It can be no surprise, then (given how her sense of worth had been diminishing), that the daily half an hour between her ending work and her part-time lover getting to the cafe became for a month or so the best part of her day. She sat with a perc of coffee, out on the street, her body trim, and was desired. Desired sexually. Desired simply for the way she looked by the young man now swinging from the door frame only a meter behind her, with his sweet, appealing midriff and the kiss-me birthmark on his face. She did not want him for a lover. She didn't even want him for a friend. She wanted him just once, just for the hour, and just to reassure herself. A "little interlude" to salve her wounds.
Her "little interlude" had not been planned. She'd never cheated on a man before. Never needed to. But when the call had come through to the cafe that evening to tell her that her lover had been delayed and that he'd phone the next day at her office "when he got the chance," then she'd been troubled and offended beyond words. The small offenses irritated most-the effort she had expended after work, before arriving at the cafe, touching up her makeup, fixing her hair, changing into clothes he liked, the time she'd squandered during the day imagining their meeting, rehearsing their embrace-although the larger implications were unignorable and frightening. The pattern was familiar. This was the third time in ten days that he had let her down in one way or another. This was the third cheating husband in the last two years who had disillusioned her. She took the hint. She felt the chill. Another cooling, flagging man was scuttling from her life.

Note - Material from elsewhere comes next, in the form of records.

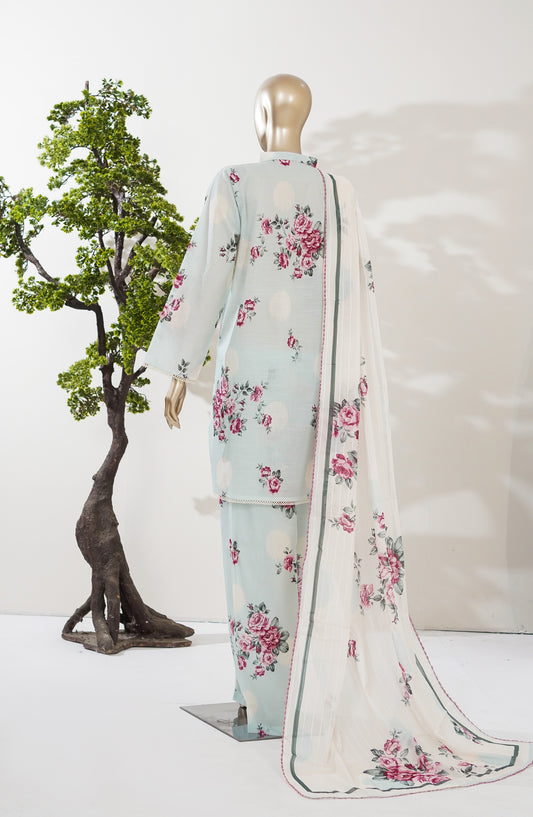 Summer Lines by Amna Khadija Printed Lawn Stitched 3 Piece Suit - AKSL-01 - AM26SMLN - Blue - Summer Collection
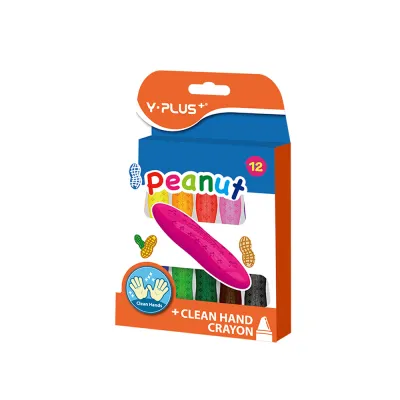 BST Tổng Hợp Sáp Màu Hữu Cơ Học Sinh PEANUT Đến Từ Thương Hiệu Y-Plus+ An Toàn Cho Sức Khỏe Không Lem Bẩn Không Dính Ra Tay - Với 12 Màu - CR1501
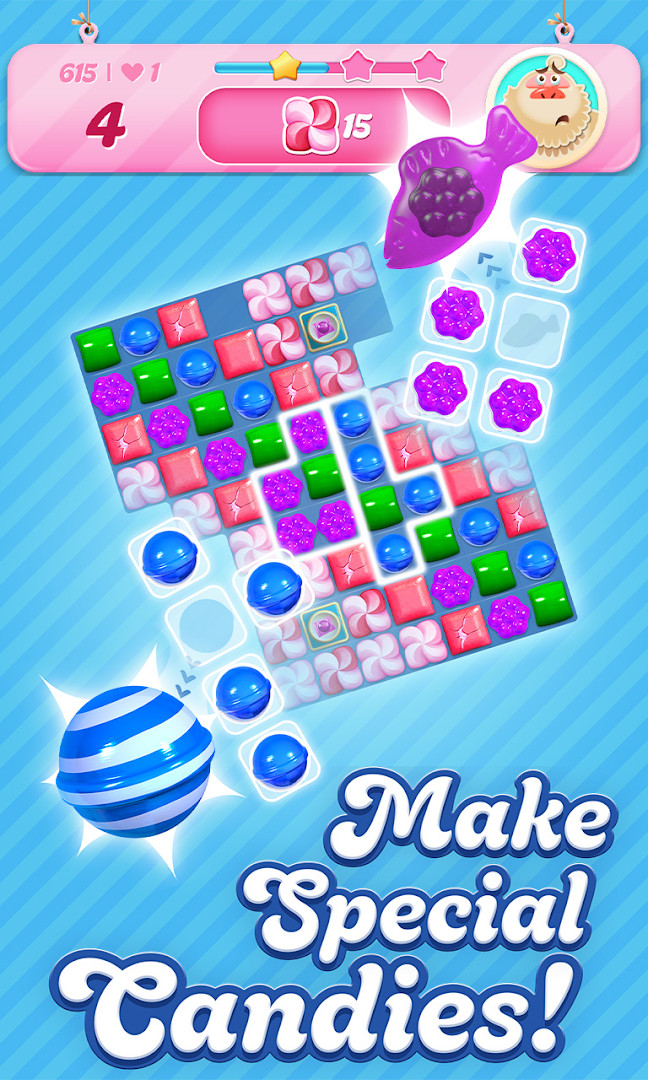A level with a jelly-clearing objective and candy pieces on a grid.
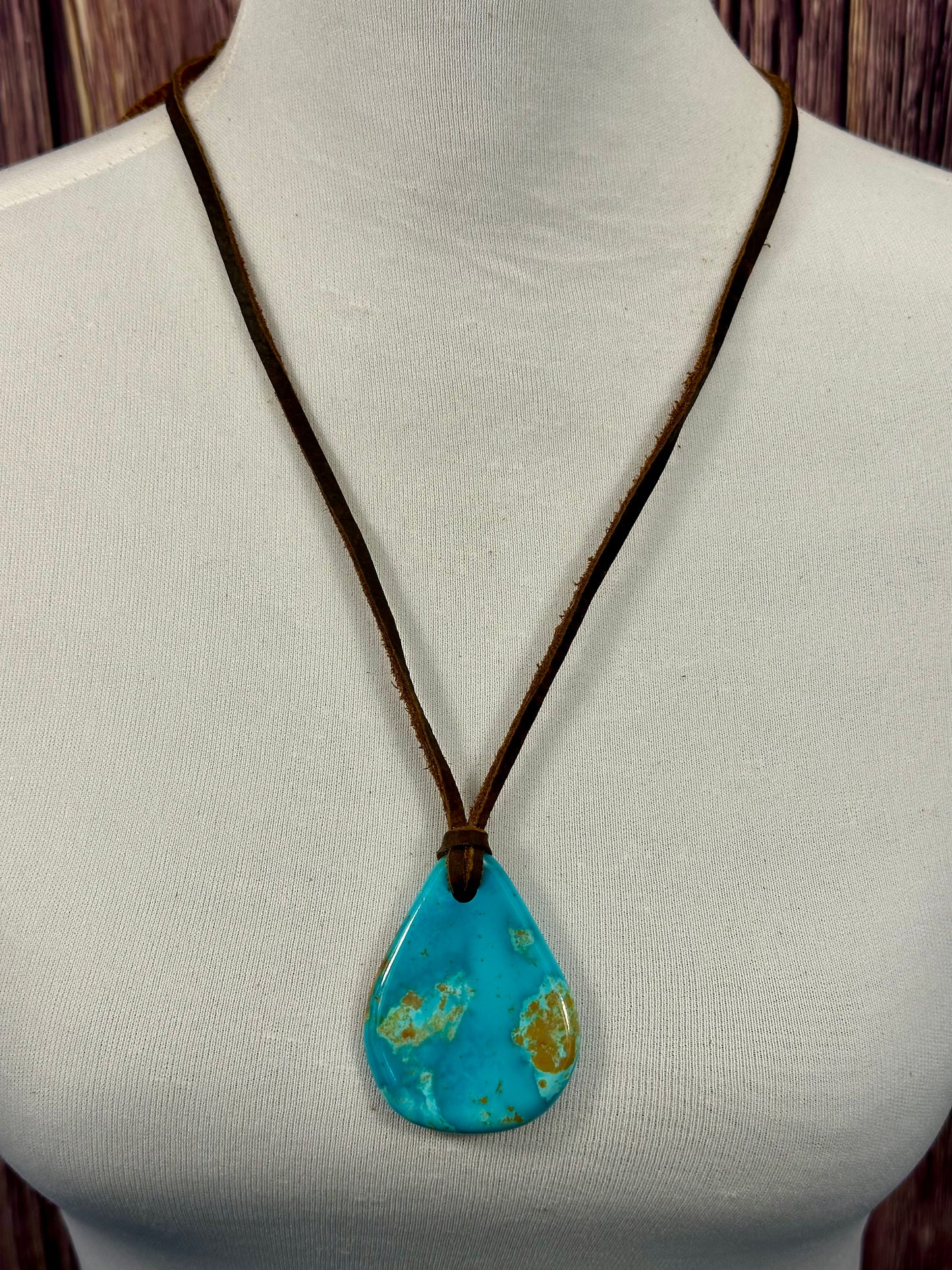 Leather Kingman Adjustable Slab Necklace
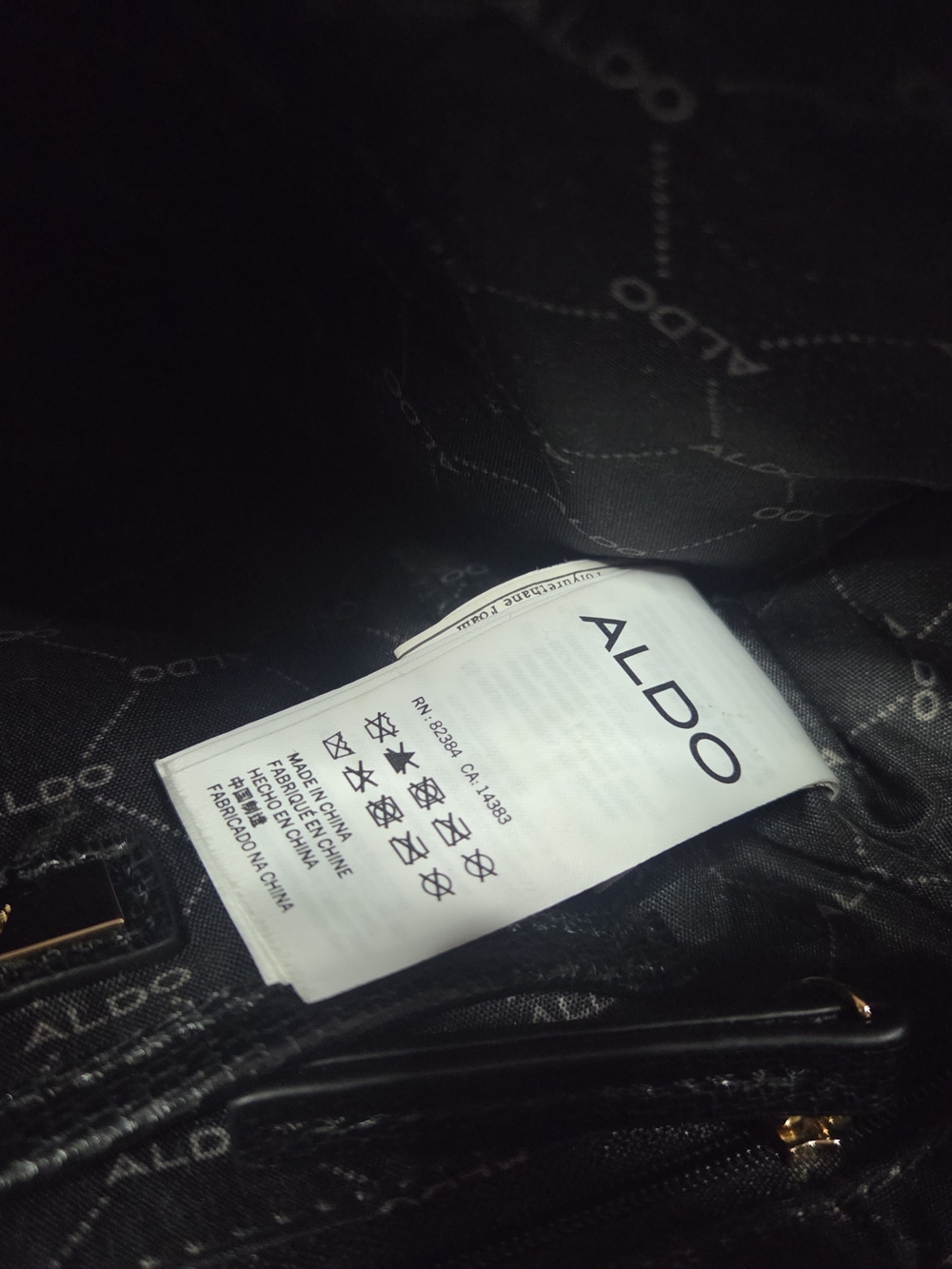 Aldo Black Crossbody Satchel with Gold-Tone Hardware - Picture 8 of 14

She'd started out the day as a woman with some status, not bloated with self-regard like some people she could name but confident enough to know that she was valued somewhere. Whenever she was waiting in the cafe-an almost daily routine for the past three months-she had a purpose and a role. She was the early half of a couple, waiting to be validated by her man-and that was satisfying. The owner and the little waitress understood that she would arrive before the boyfriend, that she would order a coffee and-occasionally-a glass of mineral water. They were used to her eager nervousness-the frequent checking in the little vanity mirror she carried in her purse, her habit of shaking her watch as if to hasten time, the way she stared into her book, her writing pad, her newspaper, but never seemed to turn a page. And then, when he arrived, the lover always just a little bit too late but standing over her at last to stoop a kiss onto her cheek, they'd be familiar with his embrace, her hand bunched up across his back.

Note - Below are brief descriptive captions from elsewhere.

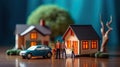 Insurance house, car and family health live concept. The insurance agent presents the toys that symbolize the coverage. Insurance Royalty Free Stock Photo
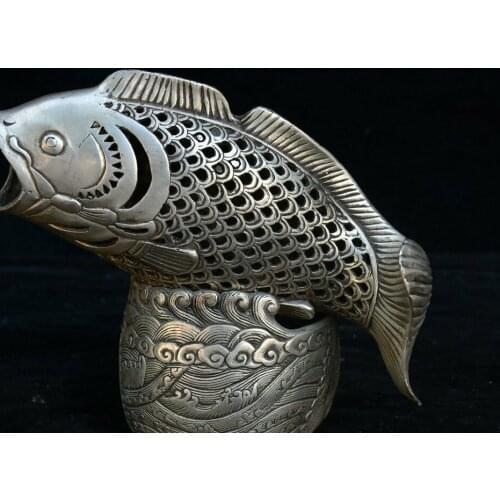 6" Old China Silver Fish Animal Incense Burner Censer Incensory Thurible Statue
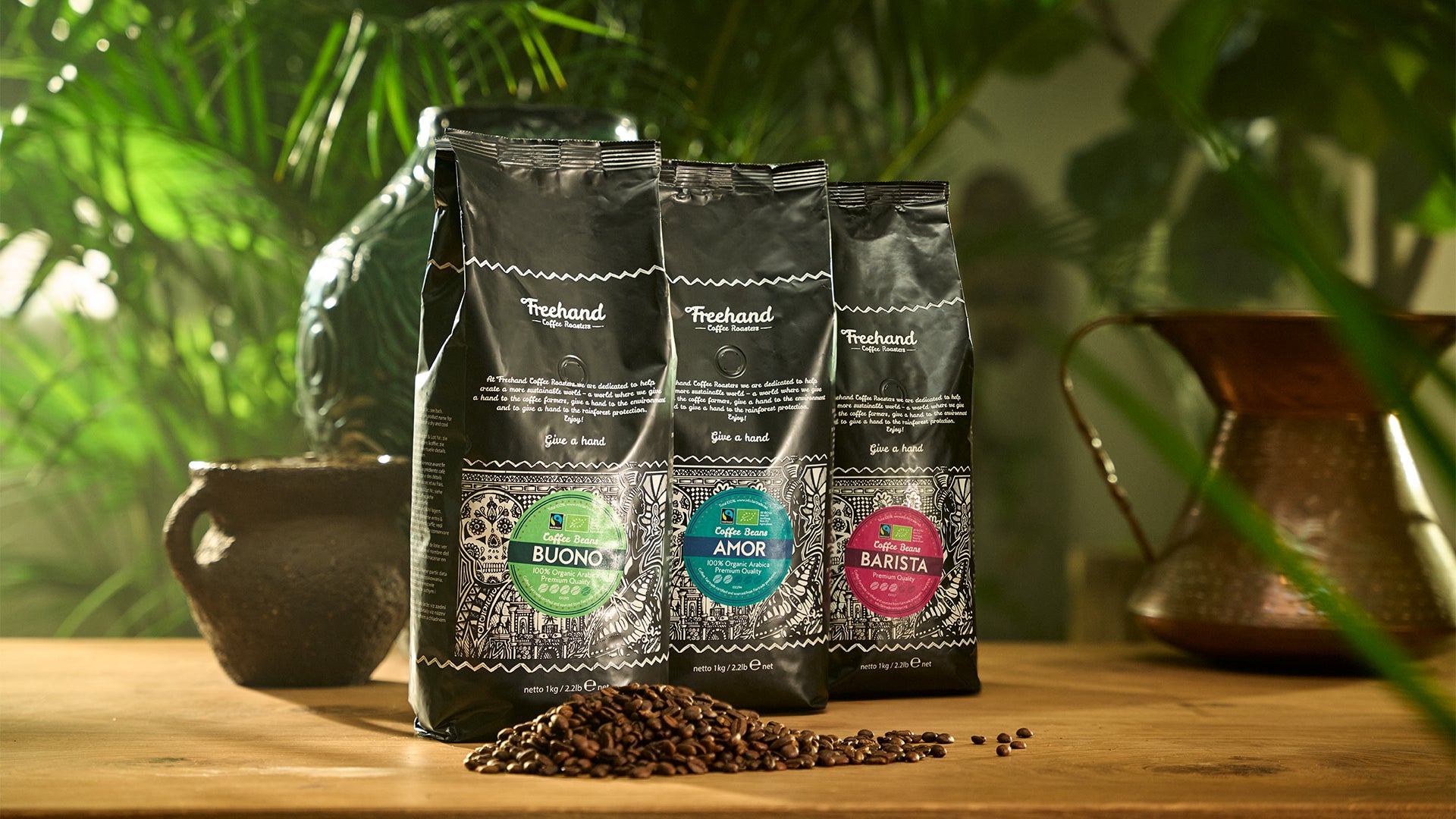 Kaffebønner Buono, Amor og Barista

Some days they'd only stay at the table for a few moments and then depart separately. The briefest meeting, just to hug. Once in a while, they'd share a beer, though clearly the man was not comfortable in such a public place. On other days, they'd go off hand in hand to possibly a restaurant or the hotels on the wharf. Then their passion would be almost palpable. It made her beautiful, the waitress thought.

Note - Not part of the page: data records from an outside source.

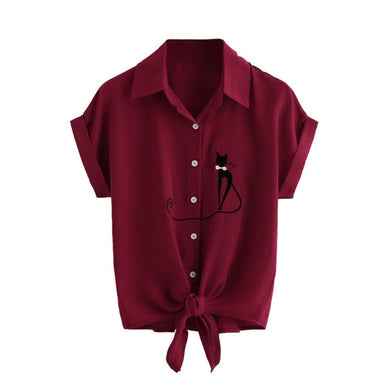 Fashion Women Cat Print Short Sleeve Daily Wear Plain Casual Shirt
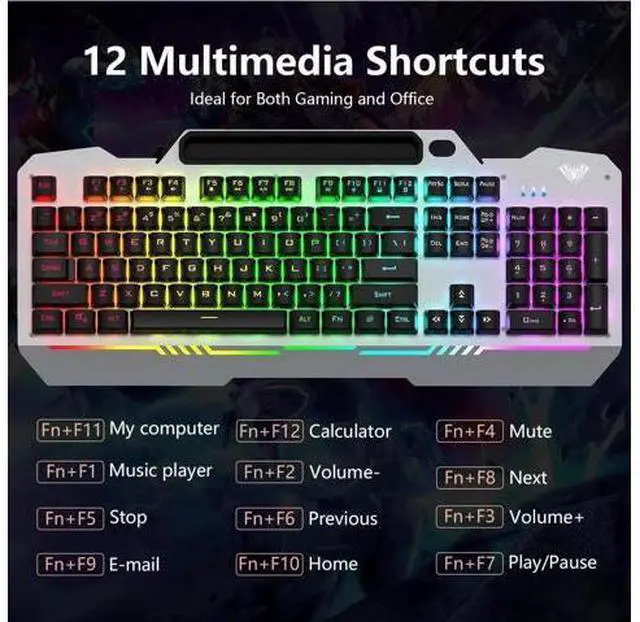 Alt view image 3 of 7 - T102 104 Keys Wired Keyboard Mouse Combo, RGB Backlit All-Metal Panel Waterproof Gaming Keyboard with Numpad USB Wired Set for Desktop PC Gamers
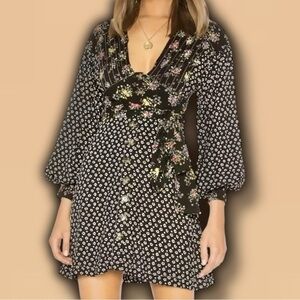 Free People ‘Wonderland’ Long-Sleeve Mini Dress in Black Floral Size Medium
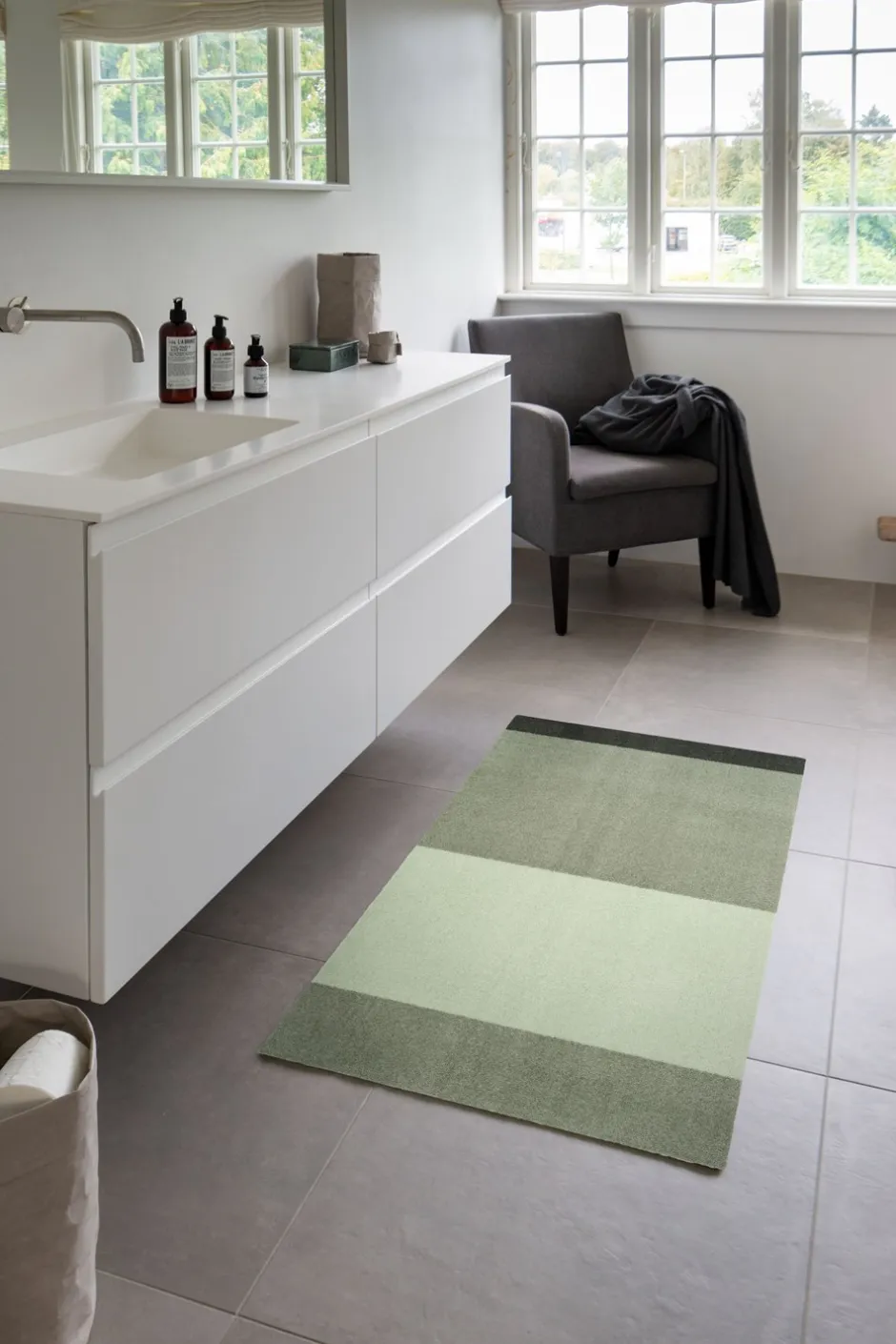 New Tica Copenhagen Stripe Horisontal Gulvtæppe, , 67x120 cm Grøn/Støvet/Mørk Grøn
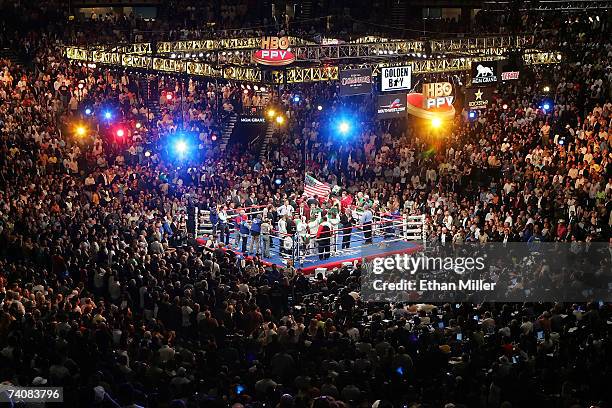 General view of the ring as Oscar De La Hoya and Floyd Mayweather Jr. Enter before the start of their WBC super welterweight championship fight at...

Where was the beauty, though, in being so publicly stood up? Her borrowed husband could at least have called her to the cafe owner's telephone, to whisper in her ear from his safe distance with his excuses and apologies. Why would he be so cowardly as to trust his betrayals to a messenger if he were not ashamed? Or lying? She'd had to smile and nod and seem wholly unperturbed when the cafe owner-the co-conspirator, it seemed to her-had come to pass on the shaming news: "Your friend said to tell you that he'll phone tomorrow, when he gets the chance." She felt exposed. Demeaned. A woman with no purpose in that cafe. She could drink a thousand coffees there and still not count as half a couple waiting for completion. She was a laughingstock-a woman revealed as exactly what she was-unmarried, only half successful in her work, the tenant of a less than homely apartment shared with two women just as unfulfilled as she was, reliant on the rationed attentions of a married lying man with children and a home he'd never abandon. She could hardly hold her coffee cup without shaking, she was so angry and upset. The evening had been so promising. They had planned to spend some time together in a restaurant, the famous-and expensive-Habit Bar where all the singers and the actors went. There'd be no grubby hour in a hotel room before he hurried home on this occasion. There'd just be food and wine and romance. She'd always liked that better than the sex. Love must be fed or it grows thin.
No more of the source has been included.